Маленький человек, что же дальше? - Фаллада Ганс. Страница 26
— Да ты же отлично все знаешь, — вмешивается фрау Миа. — Продавцом к Манделю. В магазин мужского готового платья.
— К Манделю? Вы согласны в эту потогонную лавочку? — спрашивает Яхман и прищуривается. — Кроме того, думаю, там он получит пятьсот марок в месяц, не больше,
— Ты с ума сошел, — говорит фрау Миа. — Чтобы продавец получал пятьсот марок! От силы двести. Ну, двести пятьдесят. Пиннеберг кивает головой в подтверждение ее слов.

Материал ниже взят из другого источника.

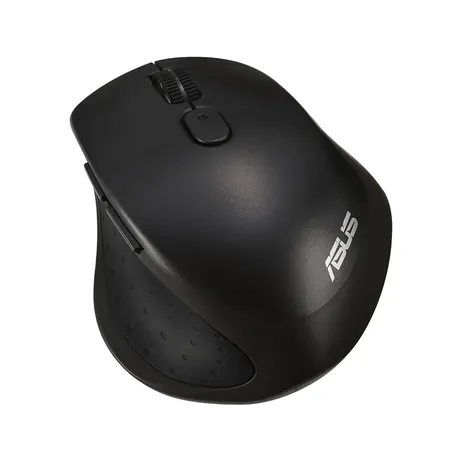 ASUS MW103 Wireless Ambidextrous Mouse ( MW103-BLK ) ( 1600DPI / 3 Macro Buttons ) ( Black )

— Ладно! — облегченно вздыхает исполин. — Бросьте ерунду болтать. Знаете, я поговорю с Манассе, мы откроем для вас в старом Вестене такую лавочку — все отдай, мало, такую, как никому и не снилось. Я устрою вас, мадам, роскошно устрою.
— Хватит, — сердито обрывает его фрау Миа. — Твоими устройствами я действительно сыта по горло.
— Господин Яхман, устройте нам место, место с жалованьем, какое полагается по тарифному договору, просит Овечка.
— Только и всего! Такие дела я сто раз обделывал. Значит, к Манделю. Пойду-ка я к Леману, этот идиот всякому рад услужить.
— Только, пожалуйста, не забудьте, господин Яхман. Это надо сделать не откладывая.
— Завтра же поговорю с ним. Послезавтра ваш муж приступит к работе. Честное слово.
— Мы вам очень, очень благодарны, господин Яхман.
— Все в порядке, мадам. Все в полном порядке. А теперь я пойду за этими чертовыми картами… Голову даю на отсечение, что надел пальто, когда уходил. А потом где-то оставил, а где — одному богу известно. Каждую осень та же история: никак не могу привыкнуть, забываю о нем, вечно я его где-нибудь оставлю. А весной всегда чужие надеваю…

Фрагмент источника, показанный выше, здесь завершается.